While death has ended the war for thousands, the living still face a future that carries with it immense challenges. Gaza, once the home to more than two million, has been reduced to a dystopian landscape. Hundreds of air-strikes by the Israeli Air Force, along with rockets launched from distances away by the Israeli Navy have left it uninhabitable. Also, prior to the airstrikes, Israel ordered more than a million Gazans to leave their homes for the southern half of the 26-mile strip of land. When the war ends and they are allowed to return to their homes, they will find nothing more than a memory replaced by rubble.

Worse, say observers, is that there is also a chance that the conflict may spread. There have been reports of small skirmishes along the Israel-Lebanon border. The U.S. has also warned both Iran and Syria about any outside involvement. The temperature is rising all across the region.

“The carnage is beyond fathomable,” said Denver Rabbi Birder Becker. “Every life is of value and it’s an unfortunate situation to have been put in. You feel the hurt and not just the lives that have been taken.”

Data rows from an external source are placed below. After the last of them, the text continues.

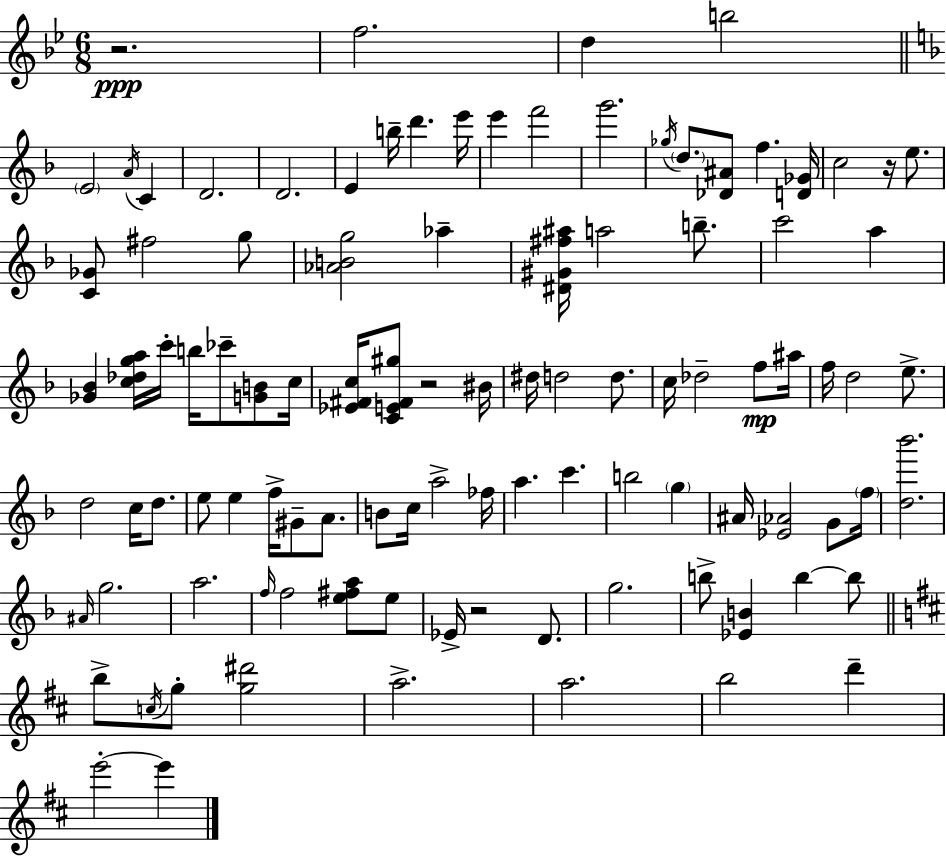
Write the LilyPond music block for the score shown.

{
  \clef treble
  \numericTimeSignature
  \time 6/8
  \key g \minor
  r2.\ppp | f''2. | d''4 b''2 | \bar "||" \break \key f \major \parenthesize e'2 \acciaccatura { a'16 } c'4 | d'2. | d'2. | e'4 b''16-- d'''4. | \break e'''16 e'''4 f'''2 | g'''2. | \acciaccatura { ges''16 } \parenthesize d''8. <des' ais'>8 f''4. | <d' ges'>16 c''2 r16 e''8. | \break <c' ges'>8 fis''2 | g''8 <aes' b' g''>2 aes''4-- | <dis' gis' fis'' ais''>16 a''2 b''8.-- | c'''2 a''4 | \break <ges' bes'>4 <c'' des'' g'' a''>16 c'''16-. b''16 ces'''8-- <g' b'>8 | c''16 <ees' fis' c''>16 <c' e' fis' gis''>8 r2 | bis'16 dis''16 d''2 d''8. | c''16 des''2-- f''8\mp | \break ais''16 f''16 d''2 e''8.-> | d''2 c''16 d''8. | e''8 e''4 f''16-> gis'8-- a'8. | b'8 c''16 a''2-> | \break fes''16 a''4. c'''4. | b''2 \parenthesize g''4 | ais'16 <ees' aes'>2 g'8 | \parenthesize f''16 <d'' bes'''>2. | \break \grace { ais'16 } g''2. | a''2. | \grace { f''16 } f''2 | <e'' fis'' a''>8 e''8 ees'16-> r2 | \break d'8. g''2. | b''8-> <ees' b'>4 b''4~~ | b''8 \bar "||" \break \key d \major b''8-> \acciaccatura { c''16 } g''8-. <g'' dis'''>2 | a''2.-> | a''2. | b''2 d'''4-- | \break e'''2-.~~ e'''4 | \bar "|."
}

Becker, now a Rabbi Amerita of Pueblo’s Temple Emanuel, says that watching as a ‘distant observer’ does not lessen the heartbreak. “If I could find a way out of this dilemma, I wouldn’t be sitting here…I don’t think that you can just fight your way out of this. The conflict has stood for too long.”

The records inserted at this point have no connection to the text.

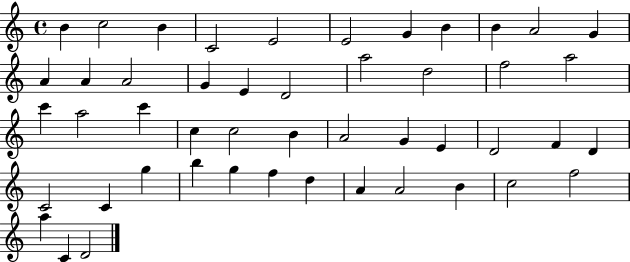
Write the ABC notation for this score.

X:1
T:Untitled
M:4/4
L:1/4
K:C
B c2 B C2 E2 E2 G B B A2 G A A A2 G E D2 a2 d2 f2 a2 c' a2 c' c c2 B A2 G E D2 F D C2 C g b g f d A A2 B c2 f2 a C D2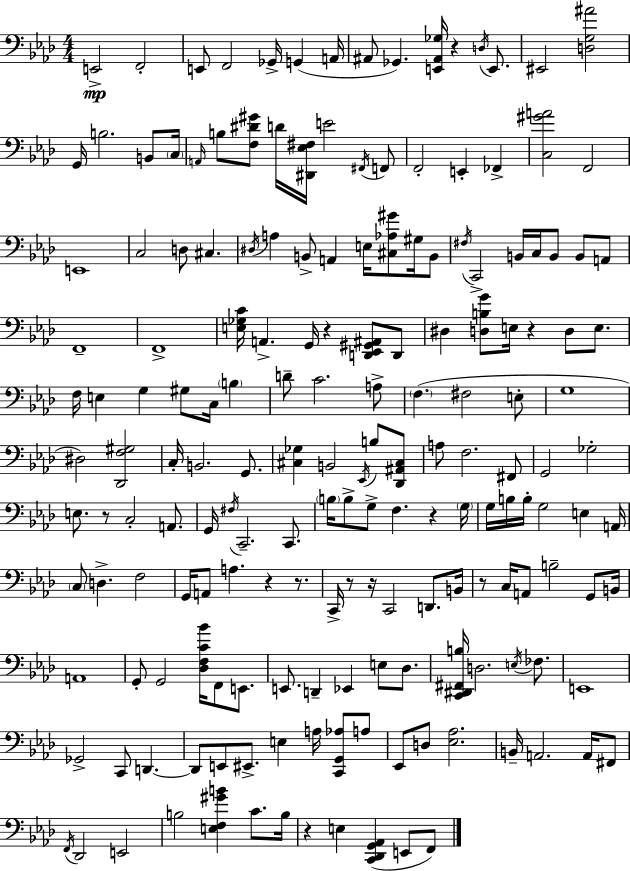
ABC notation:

The Denver Islamic Society commented, “As a faith-based nonprofit organization being physically far-removed from the conflict, we do not have a perspective on these issues, and we wish peace and justice on humanity everywhere.”

While the truce, now in its final day, has dwindled to hours, Israel has opened up roads to Gaza where hospitals—those that remain—try and treat what seems to be an endless flow of the war’s victims. The truce is also allow- ing food, medicine and fuel—essentials that had been exhausted or nearly so—to cross into southern Gaza.

The truce, now in its final day, may or may not be extended and prisoners and hostages still being held may continue to be each side’s bargaining chips for additional lulls in fighting. But no short-term truce will alter each side’s historic animus for one another.

With diplomats crisscrossing borders and burning back channel corridors to negotiate an end to what is now a nearly two-month battle in a region of the world held holy by Christians, Jews and Muslims, it seems an almost impossible to imagine a lasting peace.

“The people making decisions have to decide that they want to live in peace,” said Rabbi Becker, “as much as they want to pursue killing each other…That cannot be the goal if you’re dealing for a reliable peace.”